Der 2004 eröffnete Neubau lohnt allein für seine Architektur mit verschiebbaren Wänden und Sichtachsen nach außen. Am 12. Mai eröffnet die neue Sammlungspräsentation. Kinder freuen sich über „Meine Wunderkammern“, eine begehbare Raum- und Klanginstallation mit Virtual-Reality-Animationen. An der benachbarten Hochschule für Grafik und Buchkunst Leipzig hängt Hans Haackes Banner „Wir (alle) sind das Volk – „we (all) are the people“ von der documenta 14. Im Galerieraum der berühmten Hochschule, an der unter anderem Neo Rauch studiert hat, läuft bis 3. Juni eine Ausstellung mit Zeichnungen von Maria Lassnig.

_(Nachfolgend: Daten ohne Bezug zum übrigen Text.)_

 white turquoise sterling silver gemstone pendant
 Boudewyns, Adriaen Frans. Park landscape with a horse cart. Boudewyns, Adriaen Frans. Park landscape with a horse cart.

Nach so viel Kunst laufen wir ins Kolonnadenviertel und stärken uns mit Miso-Ramen im Tokyo Café. Architektonisch fasziniert die eigenwillige Mischung aus Gründerzeitgebäuden und Plattenbauten. Auf dem Dorotheenplatz stehen die Kopien zweier Barockplastiken von Balthasar Permoser. Bei Rotorbooks, der Buchhandlung für Theorie, Kunst und Literatur, könnten wir Stunden bleiben, und auch das Tschau Tschüssi bietet feinste Produkte, die das Leben schöner machen. In der Straße hat auch der Leipziger Kunstverein e. V. seinen Sitz, dessen Ausstellungen durch die große Fensterfront sichtbar sind. Wir leihen uns Fahrräder und radeln zum Clara-Zetkin-Park, halten auf der Sachsenbrücke, kaufen ein italienisches Eis und lauschen denen, die hier musizieren. Nach einem Abstecher ins Museum für Druckkunst, das mit rund 90 funktionsfähigen Maschinen 550 Jahre Druckkultur präsentiert, fahren wir über die Karl-Heine-Straße zum Spinnereigelände.

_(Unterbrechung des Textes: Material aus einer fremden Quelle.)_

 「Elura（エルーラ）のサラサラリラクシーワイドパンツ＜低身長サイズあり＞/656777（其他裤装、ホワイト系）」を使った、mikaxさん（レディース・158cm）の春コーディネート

In den einstigen Werkhallen haben 120 Künstlerinnen und Künstler ihre Ateliers. Nachdem wir uns im „Spinnerei Archiv Massiv“ die kleine Präsentation über die Geschichte der einst größten Baumwollspinnerei Kontinentaleuropas angeschaut haben, nehmen wir an einer Führung teil, die unter anderem ins Luru Kino mit einer Tapete des Künstlers Christoph Ruckhäberle und ins Porzellanatelier von Claudia Biehne führt. Auch die wichtigsten Leipziger Galerien haben hier ihren Sitz, darunter die international aufgestellte Galerie Eigen + Art, die gerade ihren vierzigsten Geburtstag gefeiert hat. Dreimal im Jahr laden die Spinnerei-Galerien zum Rundgang, einem Kunstwochenende, an dem alle Galerien und verschiedene Künstlerräume mit neuen Ausstellungen aufwarten. Wir sind begeistert von Anna Leonhardt bei She BAM! und Robert Seidel bei ASPN. Thaler Originalgrafik bietet hochwertige Druckgrafiken, und in der Halle 14 gibt es zeitgenössische Ausstellungen zu sehen.
Für den Abend haben wir vorab imRestaurant Céu Dining reserviert und genießen die Aussicht in dieser einzigartigen Kugel, der Oscar Niemeyer Sphere, die der brasilianische Architekt kurz vor seinem Tod konzipiert hat. Wir bewundern Tanz und Performance im Theater Lofft und schlafen noch einmal inmitten von Kunst, diesmal in den Meisterzimmern. Möbel und Details stammen aus der Zeit, als hier Baumwolle produziert wurde. Von unserem Zimmer Nummer drei aus haben wir einen tollen Blick über das gesamte Gelände.